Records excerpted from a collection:
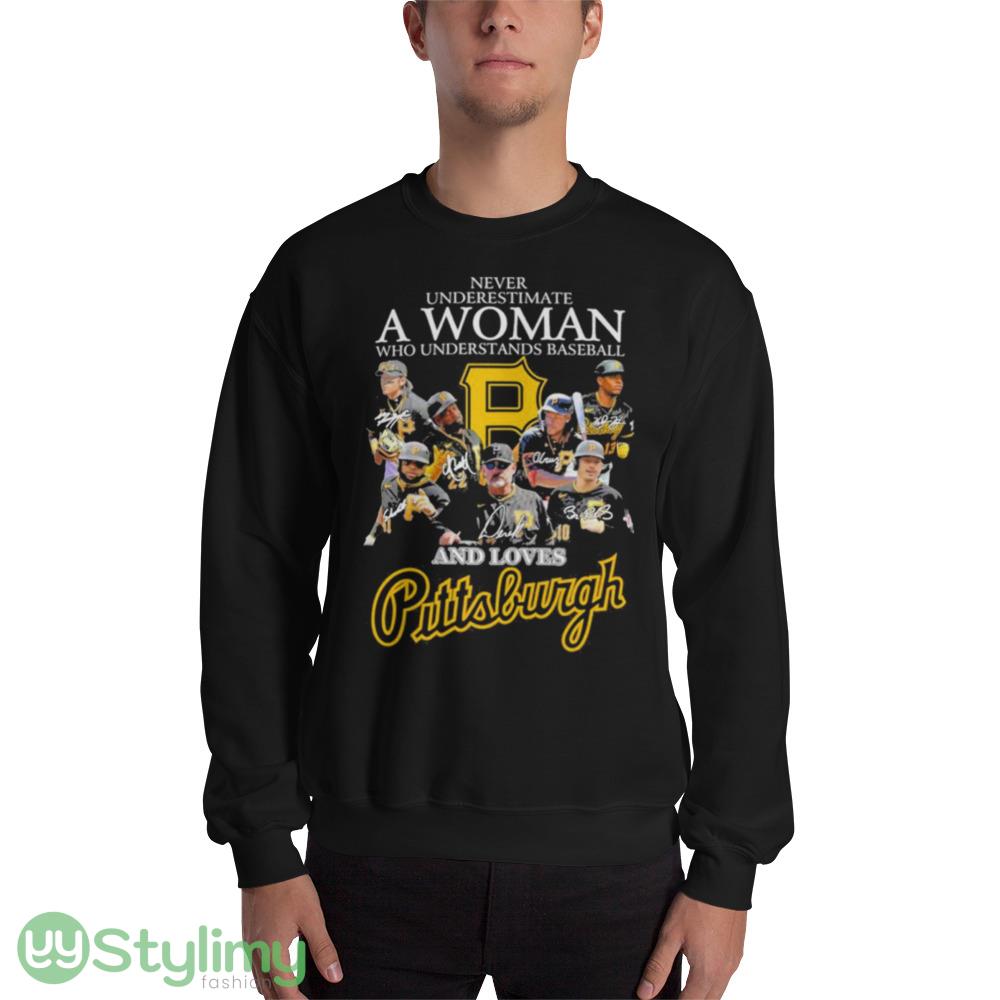 Never Underestimate A Woman Who Understands Baseball And Love Pittsburgh Pirates Signatures Ideas T Shirts 8 Never Underestimate A Woman Who Understands Baseball And Love Pittsburgh Pirates Signatures Ideas T Shirts - 18000 Unisex Heavy Blend Crewneck Sweatshirt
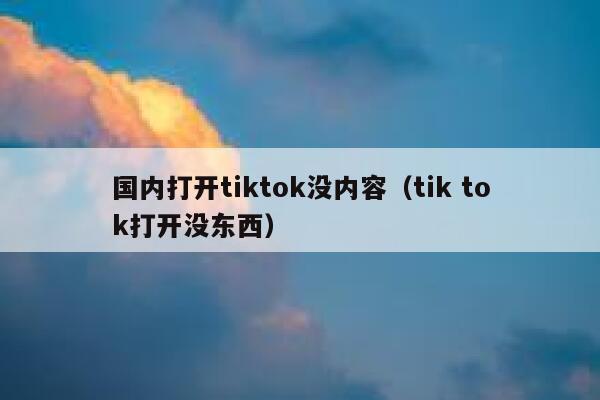 国内打开tiktok没内容（tik tok打开没东西） 第1张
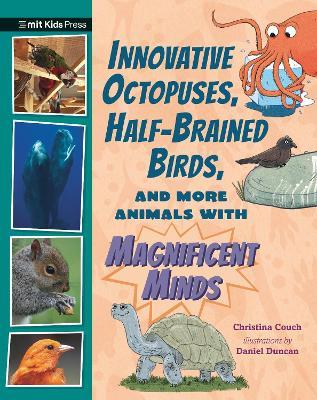 Innovative Octopuses, Half-Brained Birds, and More Animals with Magnificent Minds - Christina Couch - cover
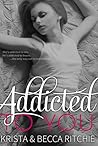 Addicted to You by Krista Ritchie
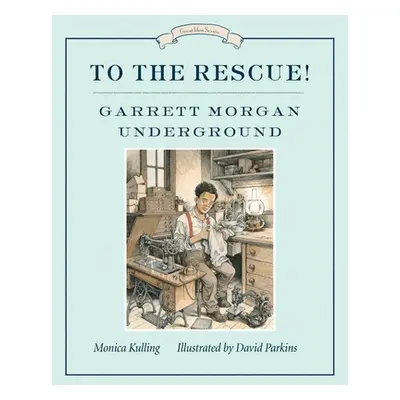 "To the Rescue! Garrett Morgan Underground: Great Ideas Series" - "" ("Kulling Monica")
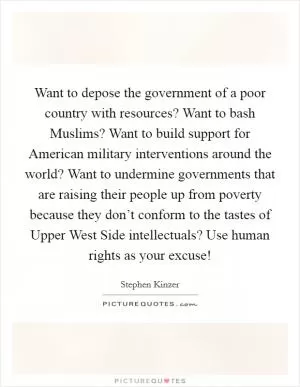 Want to depose the government of a poor country with resources? Want to bash Muslims? Want to build support for American military interventions around the world? Want to undermine governments that are raising their people up from poverty because they don’t conform to the tastes of Upper West Side intellectuals? Use human rights as your excuse! Picture Quote #1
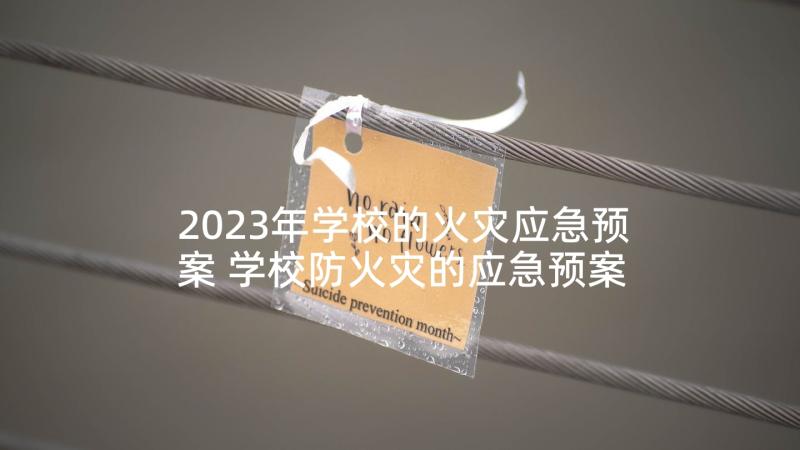 2023年学校的火灾应急预案 学校防火灾的应急预案(模板6篇)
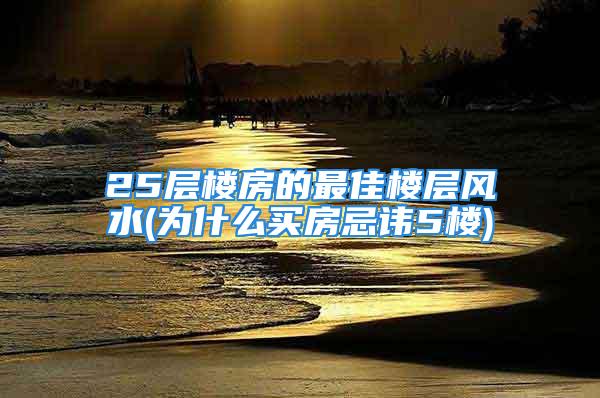 25层楼房的最佳楼层风水(为什么买房忌讳5楼)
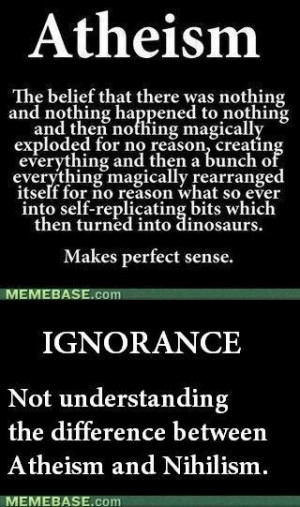 Atheism is not nihilism....bwhahaha - who cares.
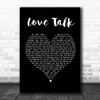 Blossoms Love Talk Black Heart Song Lyric Quote Print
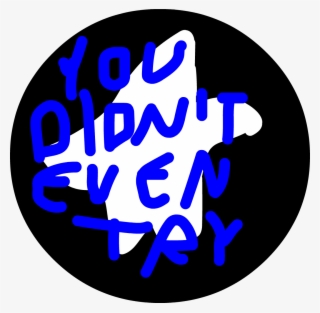 You Didn't Even Try Enzo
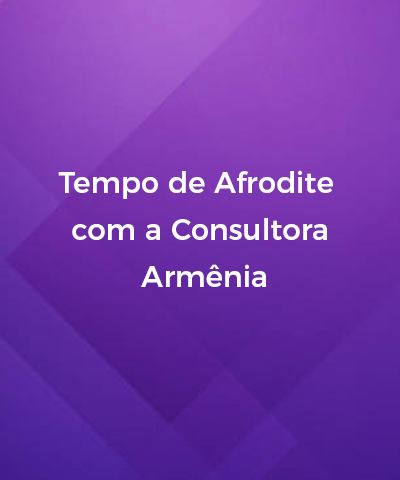 Tempo de Afrodite com a Consultora Armnia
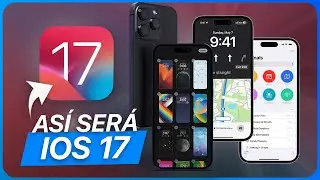 iOS 17: La actualización que cambiará tu iPhone para siempre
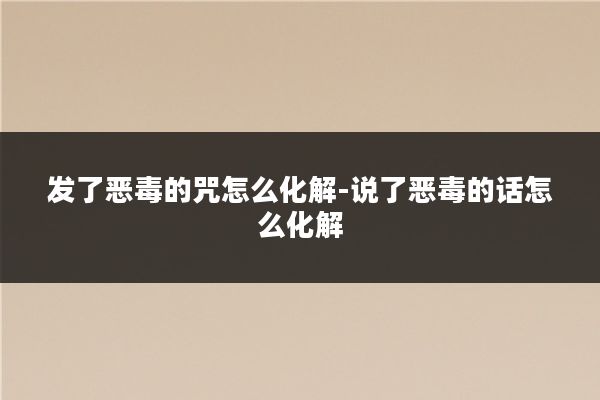 发了恶毒的咒怎么化解-说了恶毒的话怎么化解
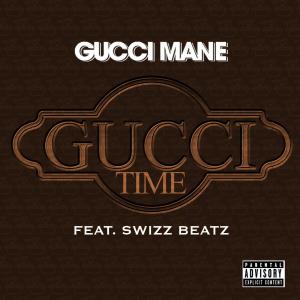 Album cover for Gucci Time album cover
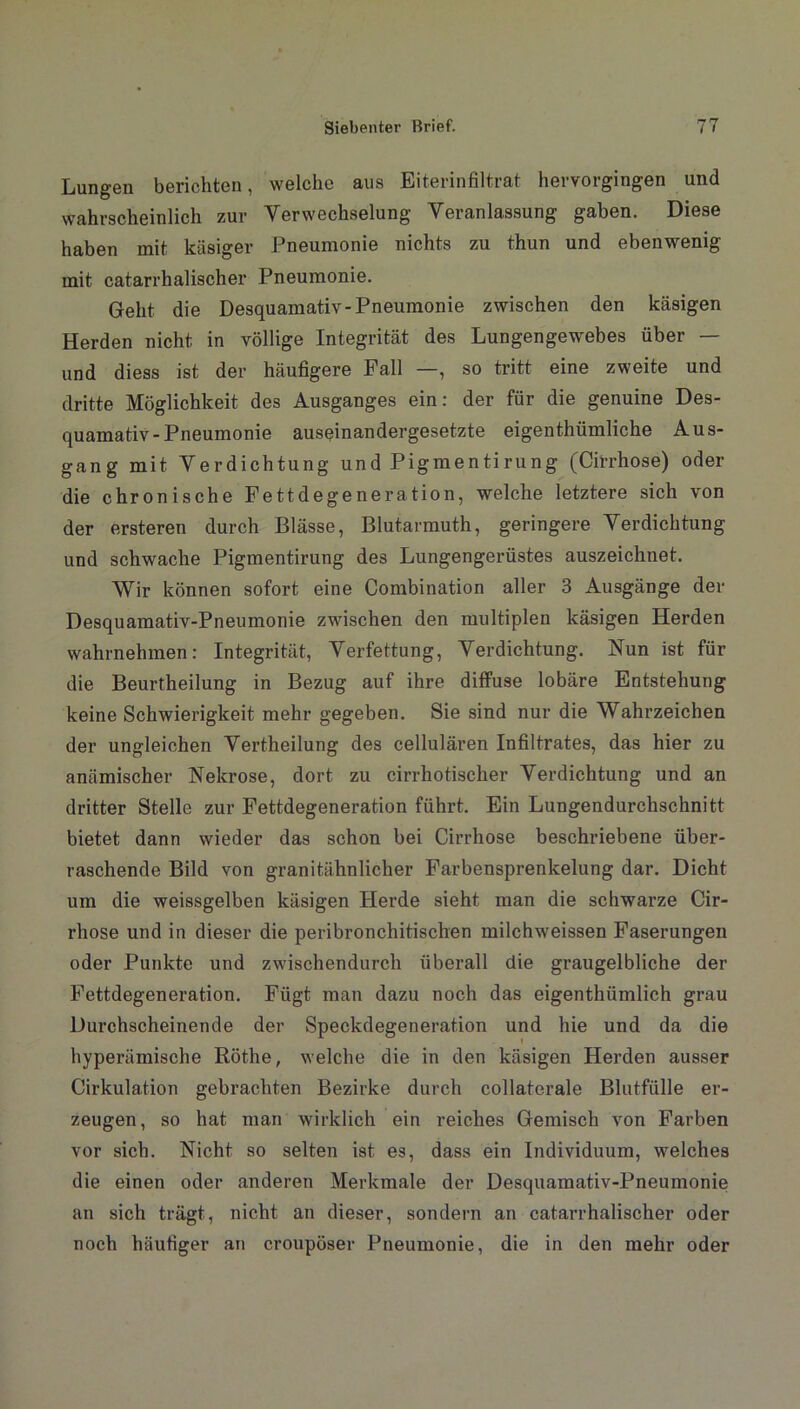 Lungen berichten, welche aus Eiterinfiltrat hervorgingen und wahrscheinlich zur Verwechselung Veranlassung gaben. Diese haben mit käsiger Pneumonie nichts zu thun und ebenwenig mit catarrhalischer Pneumonie. Geht die Desquamativ-Pneumonie zwischen den käsigen Herden nicht in völlige Integrität des Lungengewebes über — und diess ist der häufigere Fall —, so tritt eine zweite und dritte Möglichkeit des Ausganges ein: der für die genuine Des- quamativ-Pneumonie auseinandergesetzte eigenthümliche Aus- gang mit Verdichtung und Pigmentirung (Cirrhose) oder die chronische Fettdegeneration, welche letztere sich von der ersteren durch Blässe, Blutarmuth, geringere Verdichtung und schwache Pigmentirung des Lungengerüstes auszeichnet. Wir können sofort eine Combination aller 3 Ausgänge der Desquamativ-Pneumonie zwischen den multiplen käsigen Herden wahrnehmen: Integrität, Verfettung, Verdichtung. Nun ist für die Beurtheilung in Bezug auf ihre diffuse lobäre Entstehung keine Schwierigkeit mehr gegeben. Sie sind nur die Wahrzeichen der ungleichen Vertheilung des cellulären Infiltrates, das hier zu anämischer Nekrose, dort zu cirrhotiscker Verdichtung und an dritter Stelle zur Fettdegeneration führt. Ein Lungendurchschnitt bietet dann wieder das schon bei Cirrhose beschriebene über- raschende Bild von granitähnlicher Farbensprenkelung dar. Dicht um die weissgelben käsigen Herde sieht man die schwarze Cir- rhose und in dieser die peribronchitischen milchweissen Faserungen oder Punkte und zwischendurch überall die graugelbliche der Fettdegeneration. Fügt man dazu noch das eigenthümlich grau Durchscheinende der Speckdegeneration und hie und da die hyperämische Röthe, welche die in den käsigen Herden ausser Cirkulation gebrachten Bezirke durch collaterale Blutfülle er- zeugen, so hat man wirklich ein reiches Gemisch von Farben vor sich. Nicht so selten ist es, dass ein Individuum, welches die einen oder anderen Merkmale der Desquamativ-Pneumonie an sich trägt, nicht an dieser, sondern an catarrhalischer oder noch häufiger an croupöser Pneumonie, die in den mehr oder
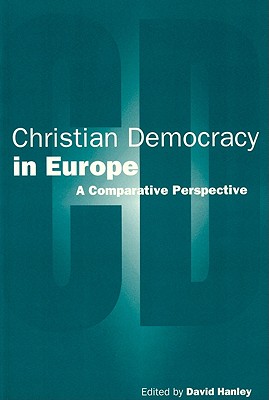 Christian Democracy in Europe - Hanley, David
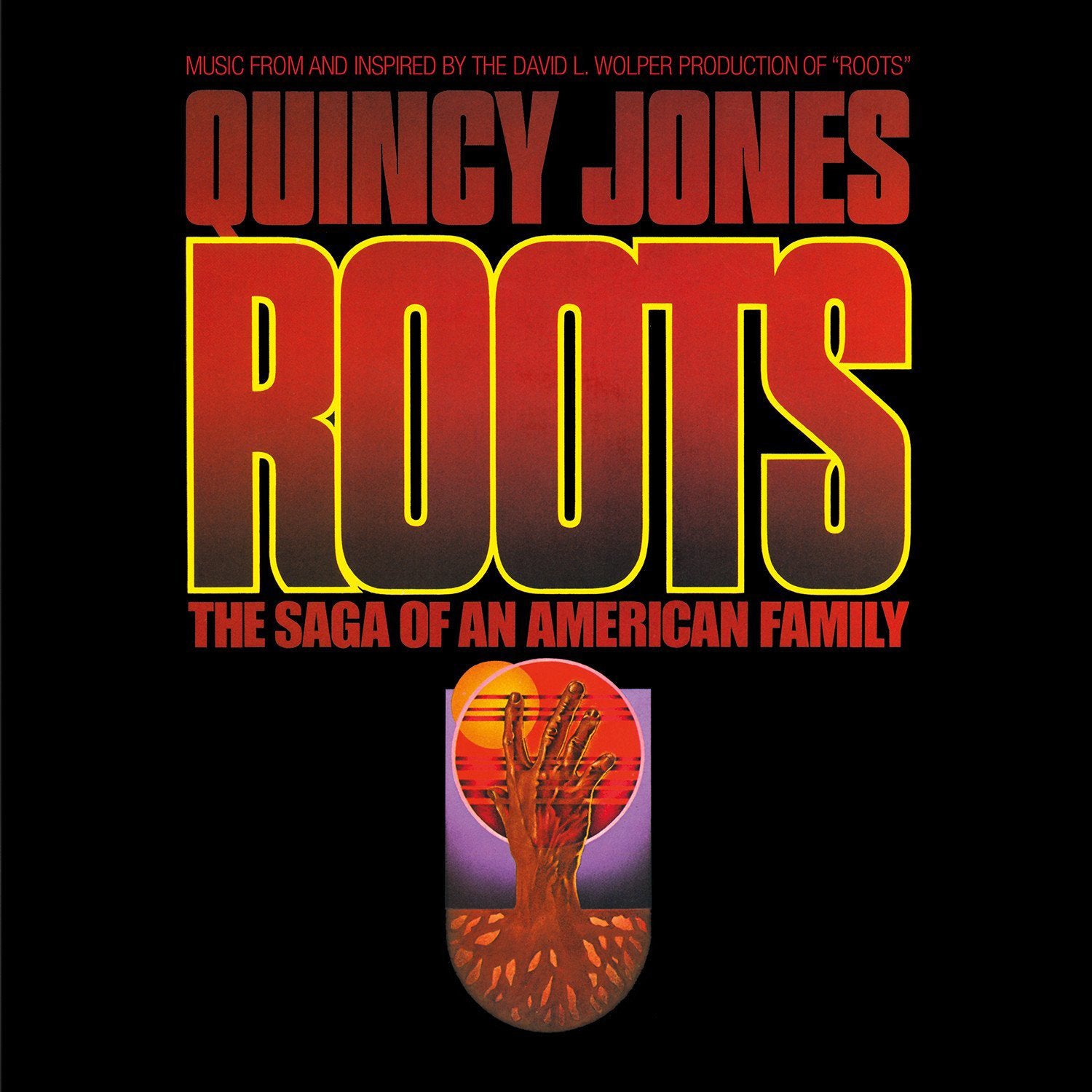 Roots: The Saga of an American Family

● **REQUIREMENT**:
Before copying the data, remove the pictures. Then repeat the rest exactly.

● **FINISHED TASK**:
 Never Underestimate A Woman Who Understands Baseball And Love Pittsburgh Pirates Signatures Ideas T Shirts 8 Never Underestimate A Woman Who Understands Baseball And Love Pittsburgh Pirates Signatures Ideas T Shirts - 18000 Unisex Heavy Blend Crewneck Sweatshirt
 国内打开tiktok没内容（tik tok打开没东西） 第1张
 Innovative Octopuses, Half-Brained Birds, and More Animals with Magnificent Minds - Christina Couch - cover
 Addicted to You by Krista Ritchie
 "To the Rescue! Garrett Morgan Underground: Great Ideas Series" - "" ("Kulling Monica")
 Want to depose the government of a poor country with resources? Want to bash Muslims? Want to build support for American military interventions around the world? Want to undermine governments that are raising their people up from poverty because they don’t conform to the tastes of Upper West Side intellectuals? Use human rights as your excuse! Picture Quote #1
 2023年学校的火灾应急预案 学校防火灾的应急预案(模板6篇)
 25层楼房的最佳楼层风水(为什么买房忌讳5楼)
 Atheism is not nihilism....bwhahaha - who cares.
 Blossoms Love Talk Black Heart Song Lyric Quote Print
 You Didn't Even Try Enzo
 Tempo de Afrodite com a Consultora Armnia
 iOS 17: La actualización que cambiará tu iPhone para siempre
 发了恶毒的咒怎么化解-说了恶毒的话怎么化解
 Album cover for Gucci Time album cover
 Lungen berichten, welche aus Eiterinfiltrat hervorgingen und wahrscheinlich zur Verwechselung Veranlassung gaben. Diese haben mit käsiger Pneumonie nichts zu thun und ebenwenig mit catarrhalischer Pneumonie. Geht die Desquamativ-Pneumonie zwischen den käsigen Herden nicht in völlige Integrität des Lungengewebes über — und diess ist der häufigere Fall —, so tritt eine zweite und dritte Möglichkeit des Ausganges ein: der für die genuine Des- quamativ-Pneumonie auseinandergesetzte eigenthümliche Aus- gang mit Verdichtung und Pigmentirung (Cirrhose) oder die chronische Fettdegeneration, welche letztere sich von der ersteren durch Blässe, Blutarmuth, geringere Verdichtung und schwache Pigmentirung des Lungengerüstes auszeichnet. Wir können sofort eine Combination aller 3 Ausgänge der Desquamativ-Pneumonie zwischen den multiplen käsigen Herden wahrnehmen: Integrität, Verfettung, Verdichtung. Nun ist für die Beurtheilung in Bezug auf ihre diffuse lobäre Entstehung keine Schwierigkeit mehr gegeben. Sie sind nur die Wahrzeichen der ungleichen Vertheilung des cellulären Infiltrates, das hier zu anämischer Nekrose, dort zu cirrhotiscker Verdichtung und an dritter Stelle zur Fettdegeneration führt. Ein Lungendurchschnitt bietet dann wieder das schon bei Cirrhose beschriebene über- raschende Bild von granitähnlicher Farbensprenkelung dar. Dicht um die weissgelben käsigen Herde sieht man die schwarze Cir- rhose und in dieser die peribronchitischen milchweissen Faserungen oder Punkte und zwischendurch überall die graugelbliche der Fettdegeneration. Fügt man dazu noch das eigenthümlich grau Durchscheinende der Speckdegeneration und hie und da die hyperämische Röthe, welche die in den käsigen Herden ausser Cirkulation gebrachten Bezirke durch collaterale Blutfülle er- zeugen, so hat man wirklich ein reiches Gemisch von Farben vor sich. Nicht so selten ist es, dass ein Individuum, welches die einen oder anderen Merkmale der Desquamativ-Pneumonie an sich trägt, nicht an dieser, sondern an catarrhalischer oder noch häufiger an croupöser Pneumonie, die in den mehr oder
 Christian Democracy in Europe - Hanley, David
 Roots: The Saga of an American Family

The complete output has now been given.